The fact is that it’s not that the aches are different, so your brain has to make a guess, a prediction about what the cause is. It’s what scientists and philosophers call a reverse inference problem. You know the effect, you know the outcome, you have an ache, but you don’t know what caused it, so you have to make a guess. We all usually use the situation that we’re in to make a guess. If your stomach is aching and it happens to be around dinnertime, you’re likely going to guess that you’re hungry. And if your stomach is aching and you’re waiting for your test results from a doctor’s office. Or, you’ve been on social media too long, and you’re waiting for someone to respond to you, and they haven’t responded to you, your brain is going to construct anxiety. Or if you’re in a courtroom and you’re listening to a defendant, and your stomach starts to ache, you’re likely going to construct a feeling that that person is guilty of something.

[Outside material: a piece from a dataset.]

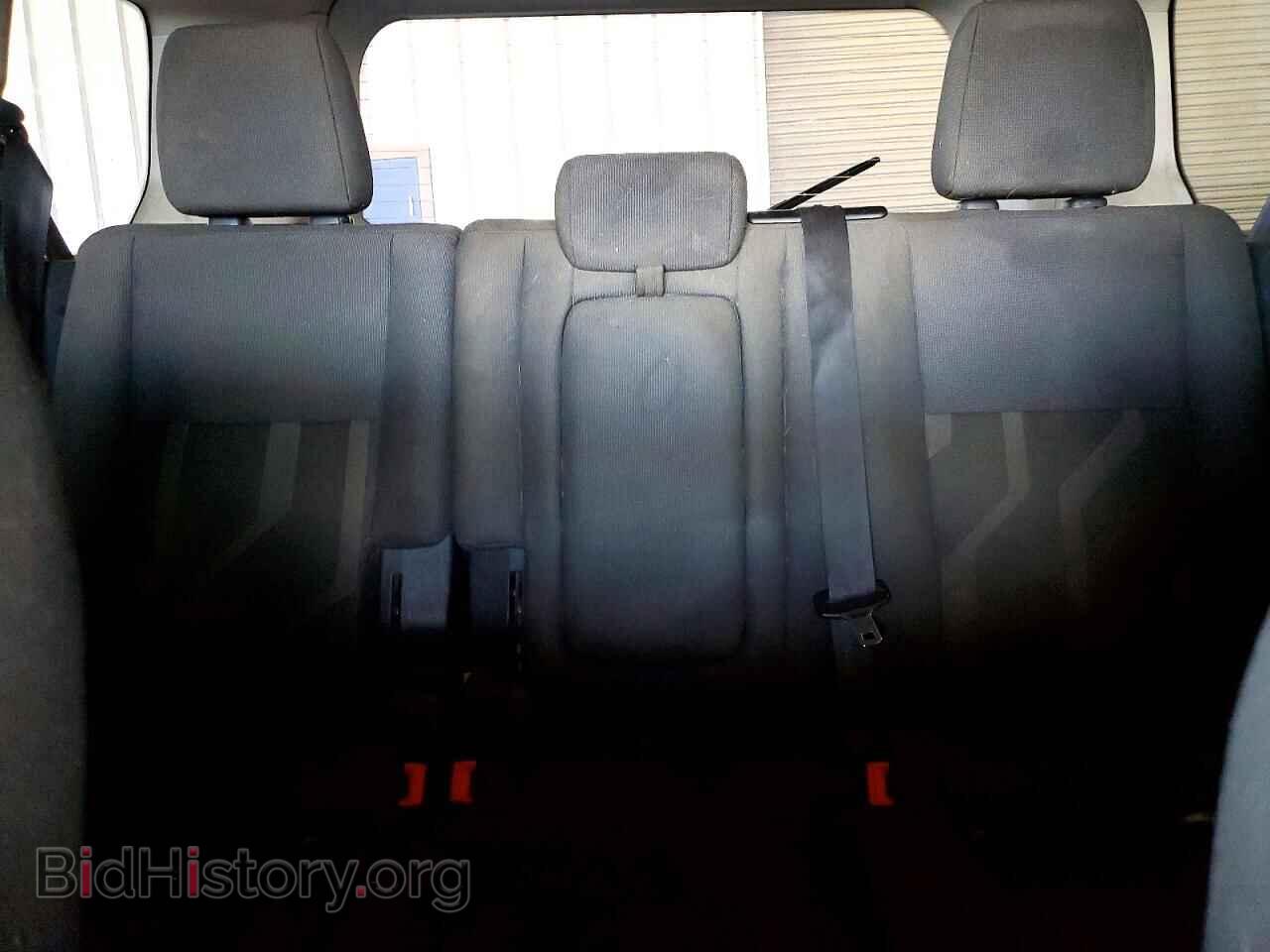 2014 FORD TRANSIT - VIN: NM0AE8F75E1156882 - Photo 10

Most of the time, that’s not what happens automatically under the hood. Your brain is just using the surrounding context as a cue to generate predictions from past experience to make sense of your body. Affect is always with you. Sometimes your brain conjures affects or feelings into emotions, but they’re not equivalent things. You can be in a very strong affect or feeling that your brain doesn’t build into emotions. Your brain might fit it into something else, some other experience.

5b) What are important considerations defining both through the use of a four-quadrant model/approach?

The original research that I did as a graduate student and as an assistant professor was developing out of that quadrant approach. If you go back into the research literature, you’ll see that I am currently responsible for introducing and developing that approach along with Jim Russell. And you can trace that model all the way back to Wilhelm Max Wundt in 1897.

The quadrant model uses valence and arousal, and these are affective features. This is a description of what I would call aspects of space or feeling space. It’s not a definition of emotion in any way. For example, people typically define in Western cultures anger as a higher arousal of negative emotion. But anger is a population of instances, as I said earlier. Sometimes you feel anger and it is unpleasant, but sometimes you feel pleasant. Sometimes anger feels good. Anger can give high arousal, but sometimes anger is low arousal. The same is true for sadness. Sometimes sadness is actually pleasant, and sometimes it isn’t. Sometimes fear is pleasant. People don’t pay to go on roller coasters, go to haunted houses, and go to horror movies because fear is unpleasant—sometimes fear is pleasant.

Sometimes fear is high arousal; sometimes fear is low arousal. Sometimes sadness is low arousal, but sometimes it’s high arousal. The point is it is useful to use a dimensional model to describe your affect to feeling, but that doesn’t necessarily indicate what emotion is most congruent—the best fit—with a situation that you’re in. The placement of emotion categories in four-quadrant space, that two-dimensional space, those are the stereotypes of emotion, but they’re not the actual populations of instances because those are much more variable on a situation by situation basis.